Woordenboek van Populair Taalgebruik

Marc De Coster (2020-2024)

Gepubliceerd op 13-05-2020

autobus

betekenis & definitie

1. (1977) (wielr.) benaming voor de niet-klimmers die zich groeperen tijdens een bergrit om zo binnen de tijdslimiet aan te komen; samenklontering van zgn. drollecoureurs*, krabbers*, pannekoeken* en patattencoureurs* tijdens berg-ritten.

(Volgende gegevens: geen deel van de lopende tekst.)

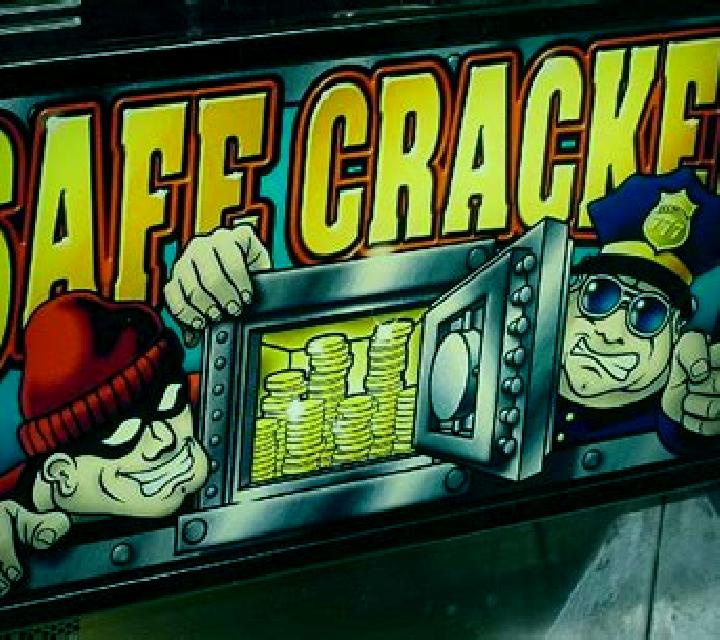 Safecracker (Gamatron) online slot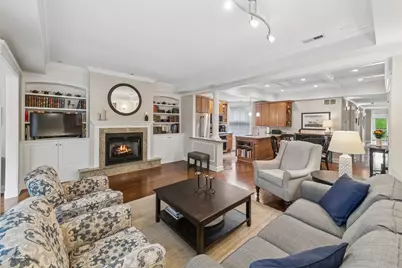 1321 W Winnemac Avenue #2E, Chicago, IL 60640 - Photo 2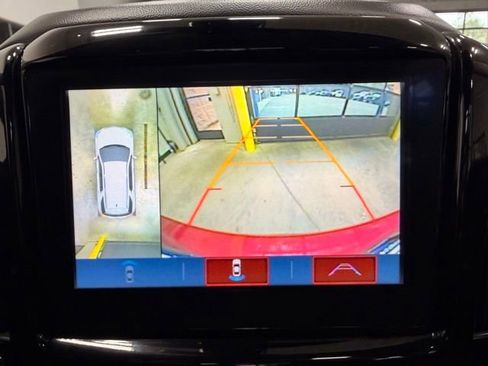 Used 2018 Chevrolet Traverse High Country AWD/4WD image 44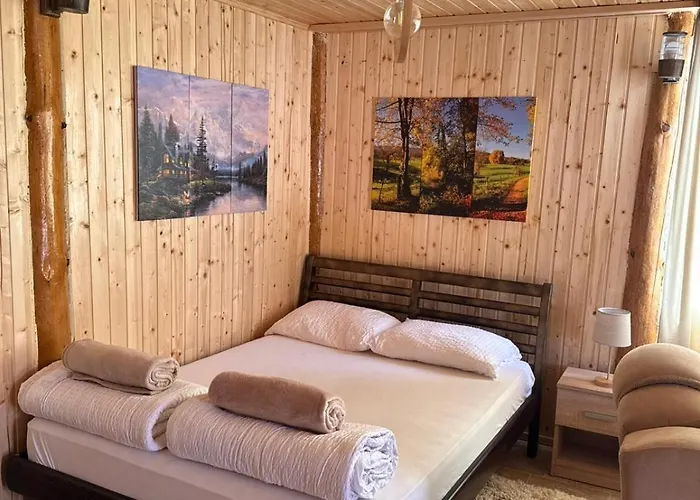 Vikendice Moskva Uvac Tatil Evi Sjenica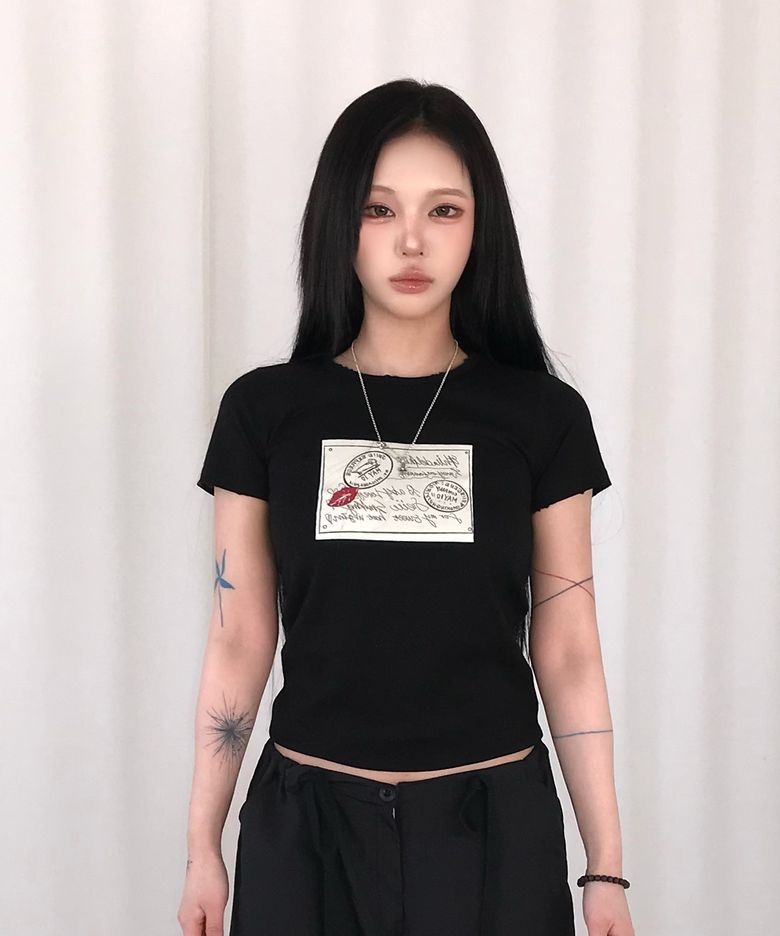 우표 디스트로이드 데미지 티 Black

Ze rijden in hun eigen tempo en hun doel is om samen vóór het sluiten van de tijdcontrole binnen te zijn. Door hun grote aantal kunnen ze niet uit de wedstrijd gezet worden, mocht de tijdslimiet overschreden zijn. De auto-bus, ook wel afgekort tot bus, wordt meestal geleid door een rot in het vak. Deze geeft het tempo aan waarmee men op tijd kan arriveren. Hij wordt dan ook de buschauffeur genoemd.
• Worden de moeilijkheden echter tè groot, zodat zelfs de tijdcontrole nauwelijks haalbaar is, dan formeren al die achterblijvers een groep, "autobus" geheten. Dit gebeurt om twee redenen: ten eerste omdat het rijden in een "pelotonnetje" wat gemakkelijker is dan de hoge bergreuzen in je eentje te moeten beklim-men. Ten tweede hopen zij, als de tijdcontrole niet gehaald mocht worden, door hun grote aantal niet van de wedstrijd te worden uitgesloten. (Wil Smul-ders: De pees erover. 1989)

2. (W.O. I) Vlaamse sold.) stuk vlees van niet al te beste kwaliteit.